● **What is being asked**
Every line from the one holding "Comparatif des frameworks" through the one holding "The Significance Of" in the data below must be returned exactly, both ends included, with pictures left out and nothing else added.

● **Dataset extract**
=====
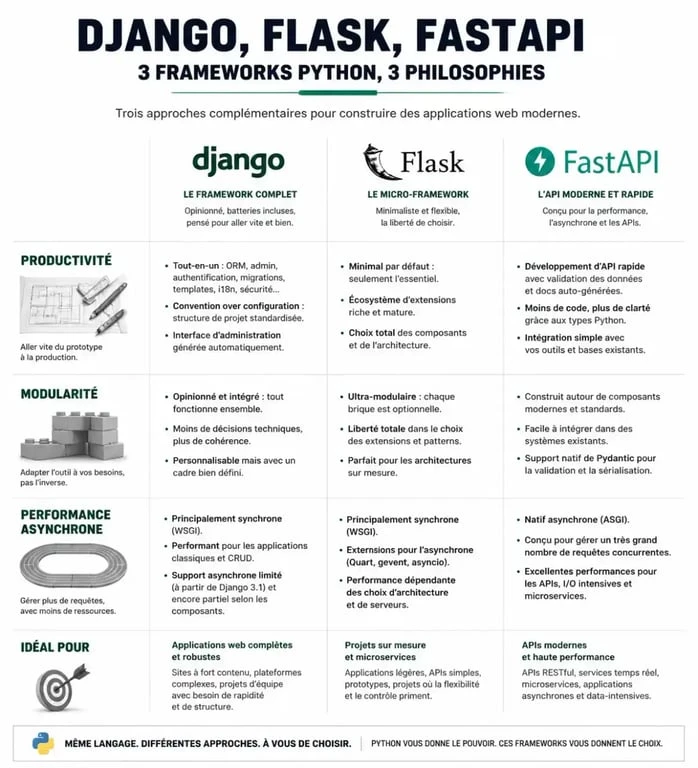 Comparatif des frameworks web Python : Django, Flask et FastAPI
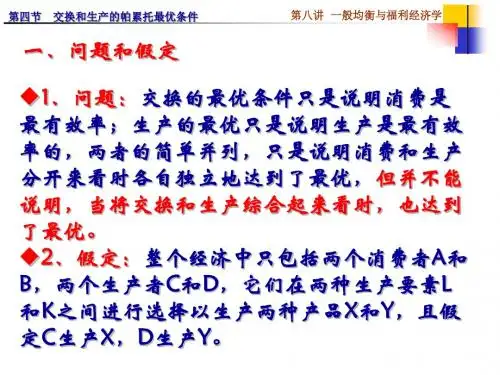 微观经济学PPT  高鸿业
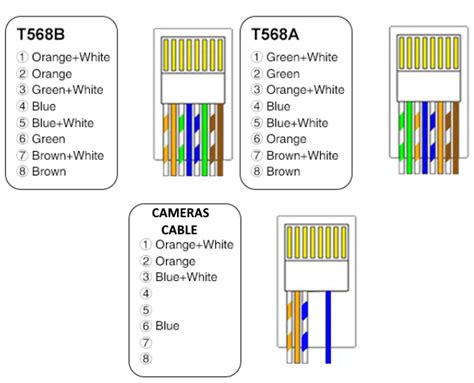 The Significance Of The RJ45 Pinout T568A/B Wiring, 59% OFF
=====
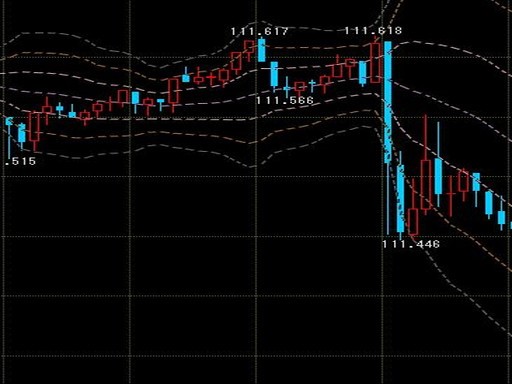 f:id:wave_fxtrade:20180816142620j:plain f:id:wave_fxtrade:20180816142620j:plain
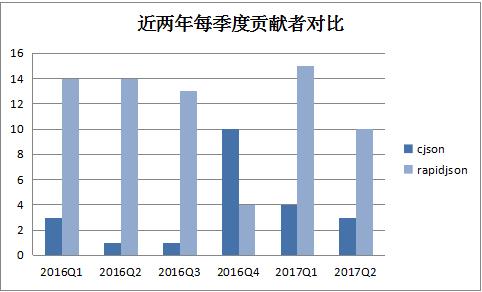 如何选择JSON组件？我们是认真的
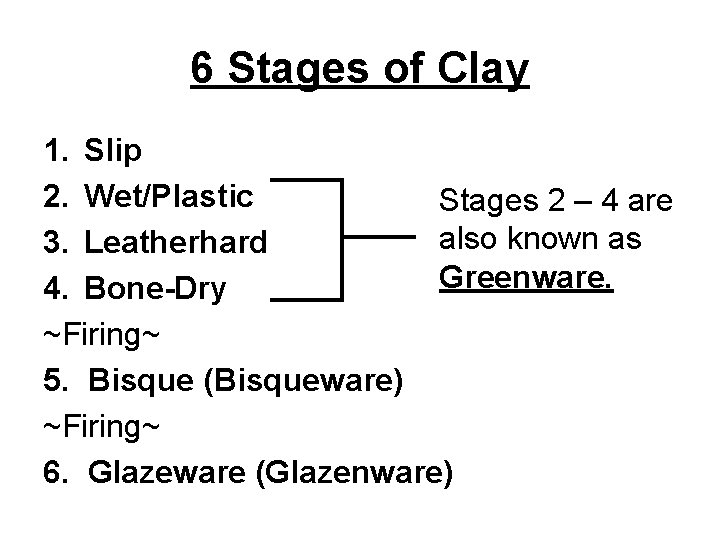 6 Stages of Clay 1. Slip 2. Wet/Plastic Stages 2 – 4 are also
=====
● **Output of the exercise**
 Comparatif des frameworks web Python : Django, Flask et FastAPI
 微观经济学PPT  高鸿业
 The Significance Of The RJ45 Pinout T568A/B Wiring, 59% OFF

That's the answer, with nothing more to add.